If we could use +, it would probably take half the time (inheritance may not worth it):

%timeit df['A'] - df['B']
10 loops, best of 3: 22.1 ms per loop

%timeit pd.Series([set1.difference(set2) for set1, set2 in zip(df['A'], df['B'])])
10 loops, best of 3: 35.7 ms per loop

DataFrame for timings:

import pandas as pd
import numpy as np
l1 = [set(np.random.choice(list('abcdefg'), np.random.randint(1, 5))) for _ in range(100000)]
l2 = [set(np.random.choice(list('abcdefg'), np.random.randint(1, 5))) for _ in range(100000)]

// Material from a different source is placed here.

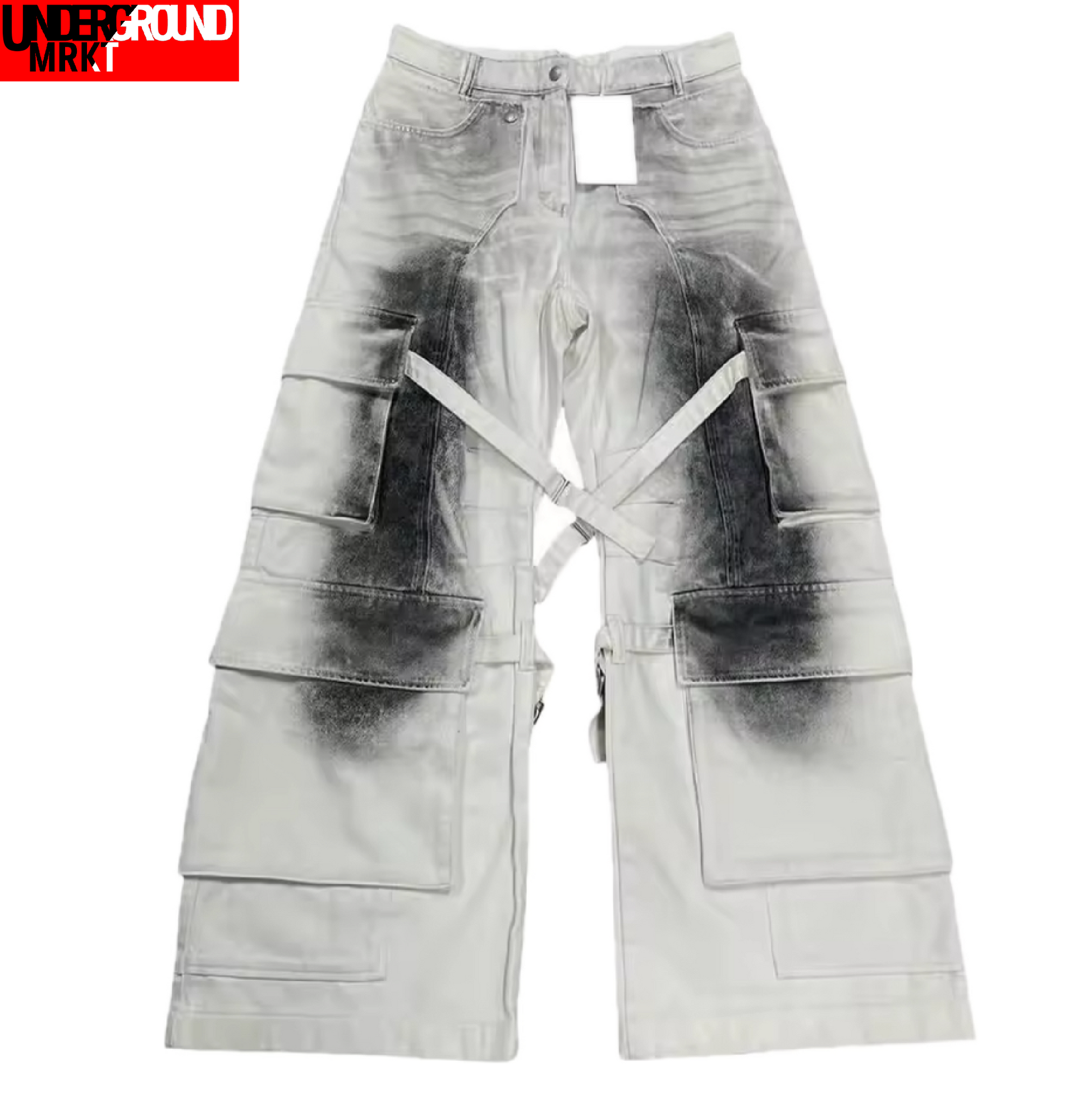 WHITE ASH BAGGY CARGOS <3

df = pd.DataFrame({'A': l1, 'B': l2})

This is the best I could come up with:

# method 1
df.apply(lambda x: x.set1.union(x.set2), axis=1)

# method 2
df.applymap(list).sum(1).apply(set)

Wow!

I expected the method 2 to be quicker. Not so!

Example

df = pd.DataFrame([[{1, 2, 3}, {3, 4, 5}] for _ in range(3)],
                  columns=list('AB'))
df

df.apply(lambda x: x.set1.union(x.set2), axis=1)

0    {1, 2, 3, 4, 5}
1    {1, 2, 3, 4, 5}
2    {1, 2, 3, 4, 5}